Verse 2. For men shall be] The description in this and the

following verses the Papists apply to the Protestants; the

Protestants in their turn apply it to the Papists; Schoettgen to

the Jews; and others to heretics in general. There have been both

teachers and people in every age of the Church, and in every age

of the world, to whom these words may be most legitimately

applied. Both Catholics and Protestants have been lovers of their

own selves, &c.; but it is probable that the apostle had some

particular age in view, in which there should appear some very

essential corruption of Christianity.

Lovers of their own selves] φιλαυτοι. Selfish, studious of

their own interest, and regardless of the welfare of all mankind.

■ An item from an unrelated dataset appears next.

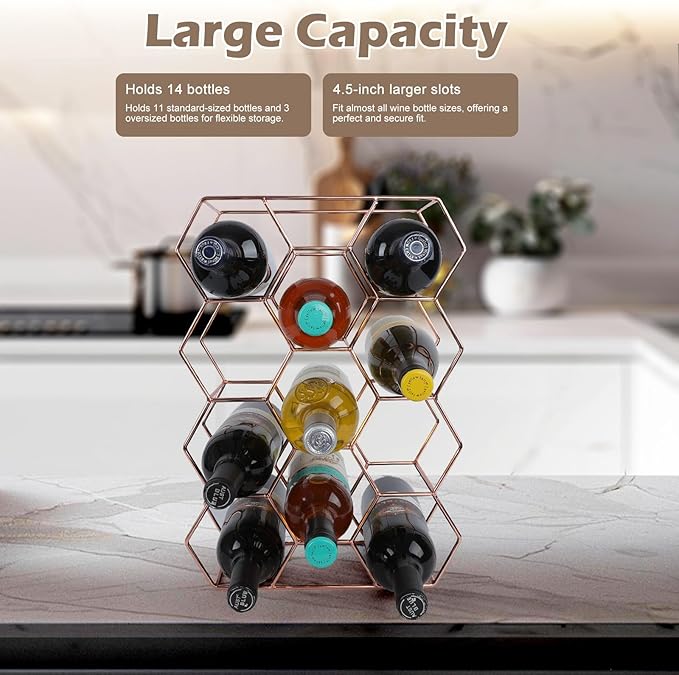 Rose Gold Wine Rack Countertop 14 Bottles, Geometric Stainless Steel Wine Bottle Holder,3 Tier Wine Racks for Cabinet Pantry Bar Table No Assembly Required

Covetous] φιλαργυροι. Lovers of money, because of the

influence which riches can procure.

Boasters] αλαζονες. Vain glorious: self-assuming; valuing

themselves beyond all others.

Proud] υπερηφανοι. Airy, light, trifling persons; those who

love to make a show-who are all outside; from υπερ, above, and

φαινω, to show.

Blasphemers] βλασφημοι. Those who speak impiously of God and

sacred things, and injuriously of men.

Disobedient to parents] γονευσιναπειθεις. Headstrong

children, whom their parents cannot persuade.

Unthankful] αχαριστοι. Persons without grace, or

gracefulness; who think they have a right to the services of all

men, yet feel no obligation, and consequently no gratitude.

Unholy] ανοσιοι. Without piety; having no heart reverence for

God.

Verse 3. Without natural affection] αστοργοι. Without that

affection which parents bear to their young, and which the young

bear to their parents. An affection which is common to every

class of animals; consequently, men without it are worse than

brutes.

Truce-breakers] ασπονδοι. From α, negative, and

σπονδη, a libation, because in making treaties libations both of

blood and wine were poured out. The word means those who are

bound by no promise, held by no engagement, obliged by no oath;

persons who readily promise any thing, because they never intend

to perform.

False accusers] διαβολοι. Devils; but properly enough

rendered false accusers, for this is a principal work of the

devil. Slanderers; striving ever to ruin the characters of

others.

Incontinent] ακρατεις. From α, negative, and κρατος,

power. Those who, having sinned away their power of

self-government, want strength to govern their appetites;

especially those who are slaves to uncleanness.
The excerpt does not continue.